Hotels, restaurants and other hospitality businesses need to support EMV, point-to-point encryption and tokenization to protect against hackers, said Jeremy Gumbley, Creditcall's chief technology and security officer. Behind First Data's Rapid Connect platform, Creditcall can now pre-certify merchants using Ingenico terminals to introduce and incorporate EMV, encryption and tokenization through its plug-and-play Chip DNA software. The complexity of the EMV certification process, for which each card brand has different requirements, has created a time-consuming task for processors that were not scaled to handle the workflow, Gumbley said. "We have a portfolio of five certifications now for a whole line of products with different processes, as there is a lot of complexity out there," Gumbley said.
Any new push for better security in hospitality is welcome news for the payments industry.
"The hospitality industry has been a favorite target of hackers for years," said Julie Conroy, research director and fraud expert with Boston-based Aite Group.
Reports from security vendor and researcher Trustwave continue to indicate that the majority of breaches still occur because of basic failures such as not resetting an administrator password in the point of sale software or in remote access to systems, Conroy said.
"A lot of these take place in the hospitality space," she added.
Hotels represent a unique challenge because they keep the guest's card account data in the system for the duration of the stay, then charge the customer at the end of that stay.

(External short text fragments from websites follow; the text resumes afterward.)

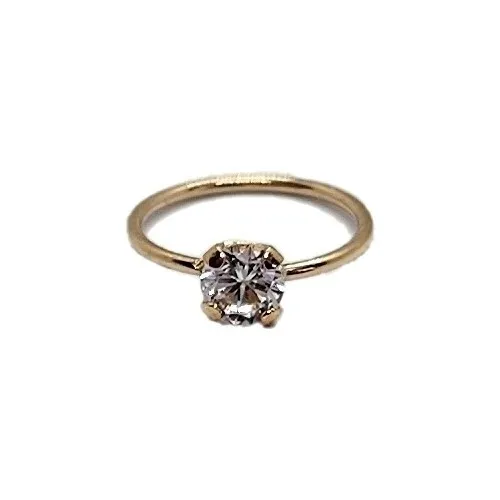 Aro Piercing Nariz Argolla Circón Oro 18k Nacional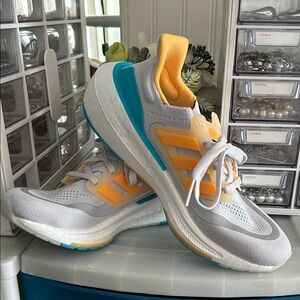 adidas Women’s Athletic Shoes - White with Yellow & Teal Accents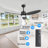 42inch 3 ABS Blades Indoor and Outdoor Ceiling Fan with Integrated LED and Remote Downrod,Black-438892381-438892382-438892378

In its experience, Creditcall has observed large hotel chains or quick-service restaurants operating "with an enormous attack surface area" for hackers, Gumbley said.
"A typical hotel chain that has grown through acquisitions may have as many as seven different brands acquired over several years and all of those systems will require different management infrastructure security," Gumbley said.
This environment results in a "huge sprawling space of devices and POS terminals with different levels of legacy and non-legacy equipment," he added.
That type of challenge is at the core of why Creditcall promotes point-to-point encryption.
"We are big fans of encryption because it very elegantly solves this problem," Gumbley said. "You don't need to rely on an updated POS or a protected back end when you have encryption from the time data leaves a PIN pad and goes through a hotel network securely."
A cryptographic key to protect data that even the merchant does not know works best in a system patched with different platforms, Gumbley added.
As with any merchant or industry sector showing reluctance to take on the EMV upgrade costs or go through the certification process, fraud trends could lead many companies to change their views.
"We’ve also seen hospitality slower to upgrade to EMV, thinking that they are not prime targets for counterfeit cards," Aite's Conroy said. "I think with the first round of chargebacks they’re seeing that, while they’re not prime targets, they’re by no means immune."